Auto-tuning too slow

Hello,
I’m a fresh user of TVM and recently I follow the tutorial to quantize and auto-tuning models for NVIDIA T4. But the auto-tuning program runs too slowly.

Extract tasks...
Tuning...
[Task  1/18]  Current/Best:  249.99/ 291.56 GFLOPS | Progress: (768/1500) | 3791.38 s Done.
[Task  2/18]  Current/Best:    8.29/ 431.15 GFLOPS | Progress: (672/1500) | 7153.01 s Done.
[Task  3/18]  Current/Best:  414.85/ 442.44 GFLOPS | Progress: (720/1500) | 9403.10 s Done.

The program is executed on Intel(R) Xeon(R) Gold 6226 CPU @ 2.70GHz. It seems that the program only occupies 1 physical core from htop.

Is this speed normal? How can I utilize multi-cores to speed up it?
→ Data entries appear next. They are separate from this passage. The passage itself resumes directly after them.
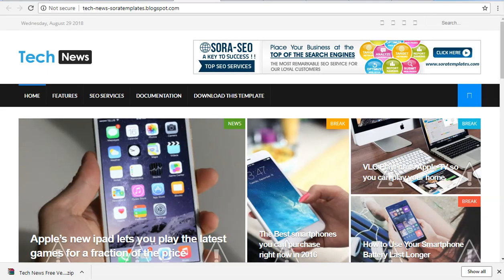Hi friends, now we are going to talk about the best blogger template. This is one of the most important things. If you want to use it in a blogger, it's easy to get the customer-wise. Let's go to the video.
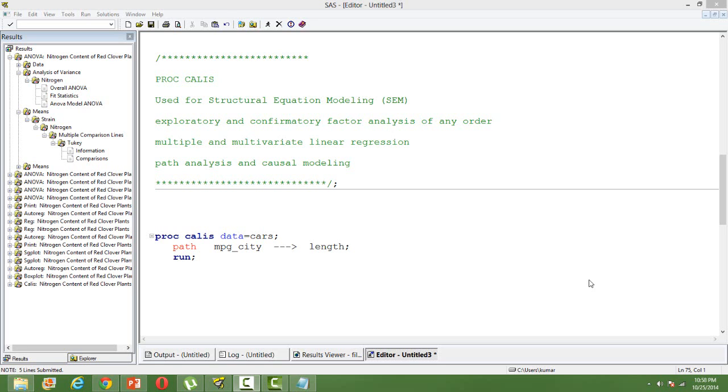PROC CALLIS can be used for exploratory and confirmatory factor analysis. It can be used for path analysis and causal modeling. It can also be used for multiple regression and linear regression.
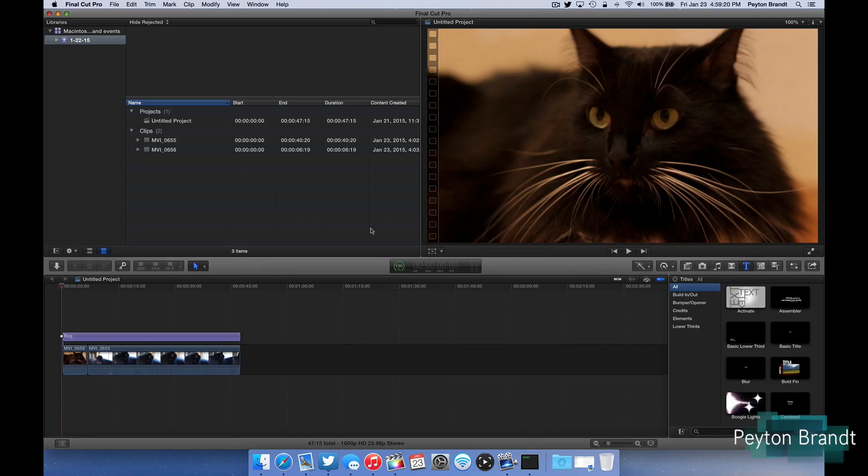Hey what's going on everyone. In today's video I'll be showing you how to properly export and get the file type that you need in Final Cut Pro X.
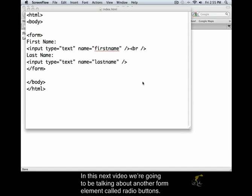In this next video, we're going to be talking about another form element called radio buttons.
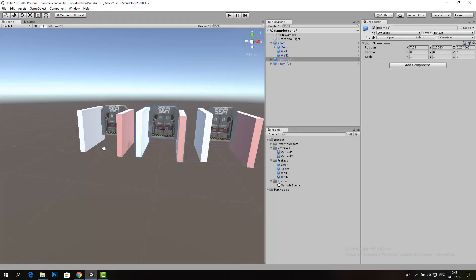Hello, my name is Roman Sakutin and today I would like to tell you about the nested prefabs.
This is normal. The Auto-tuning measures the candidate configs directly on the target device, which is GPU in your case. Since you have only one GPU, all 1,500 trials are performed sequentially and every tasks are also performed sequentially. The only way to speed it up at this moment is enabling distributed tuning with multiple GPUs or multiple machines.

I feel confused that both CPU and GPUs are not busy during tuning.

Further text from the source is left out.